» **What you need to do**: Please transcribe the data below exactly. Leave the pictures out.

» **Provided data**:
--- --- ---

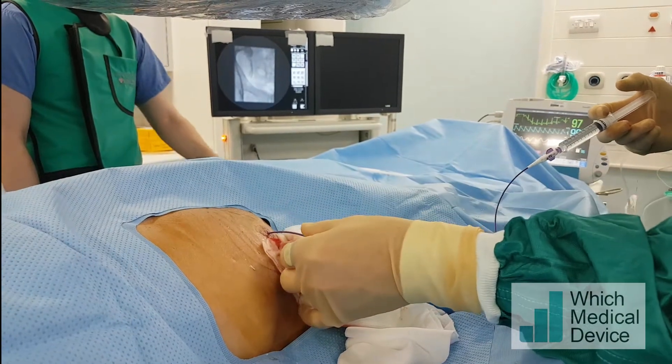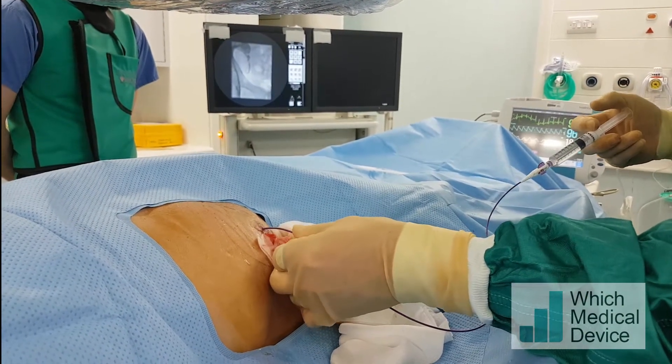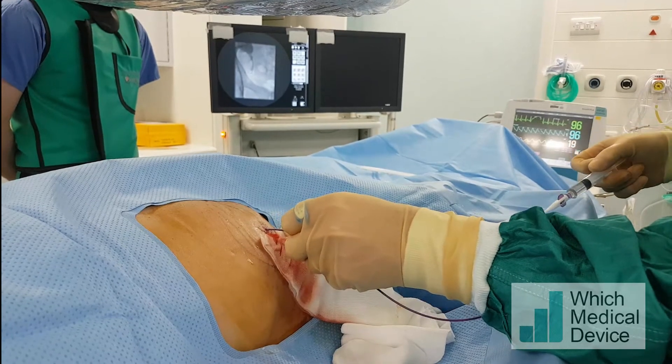I'm just injecting some contrast into the distal ureter near the area of the stricture — right up to the stricture. There's nothing going through, or very little, at the moment so it really is very, very tight.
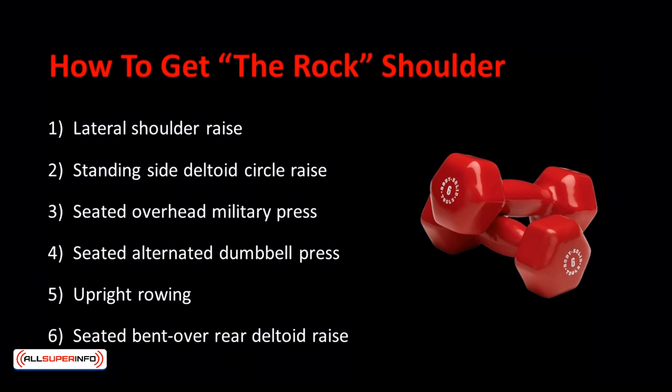So, how do you get the rock shoulder? Essentially, there are three angles you need to tackle to have round, solid deltoids, or delts — front delts, middle delts, and rear delts. Here are my simplified and complete workouts to fully engage every angle of your delts to make them pop.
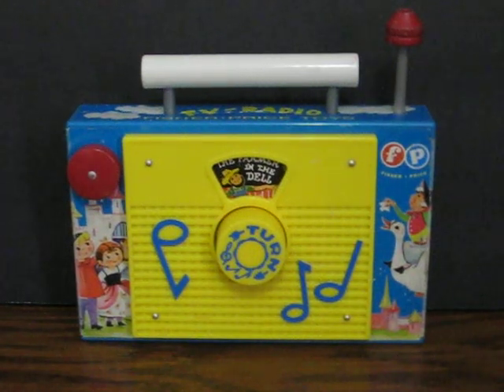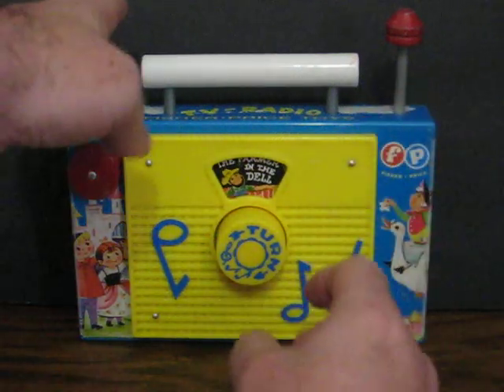This is a remake of the Fisher Price lined-up TV radio music box. It's going up for sale, and this is just a quick demonstration to show how it works. So here we go.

--- --- ---

» **Task result**:
I'm just injecting some contrast into the distal ureter near the area of the stricture — right up to the stricture. There's nothing going through, or very little, at the moment so it really is very, very tight.
So, how do you get the rock shoulder? Essentially, there are three angles you need to tackle to have round, solid deltoids, or delts — front delts, middle delts, and rear delts. Here are my simplified and complete workouts to fully engage every angle of your delts to make them pop.
This is a remake of the Fisher Price lined-up TV radio music box. It's going up for sale, and this is just a quick demonstration to show how it works. So here we go.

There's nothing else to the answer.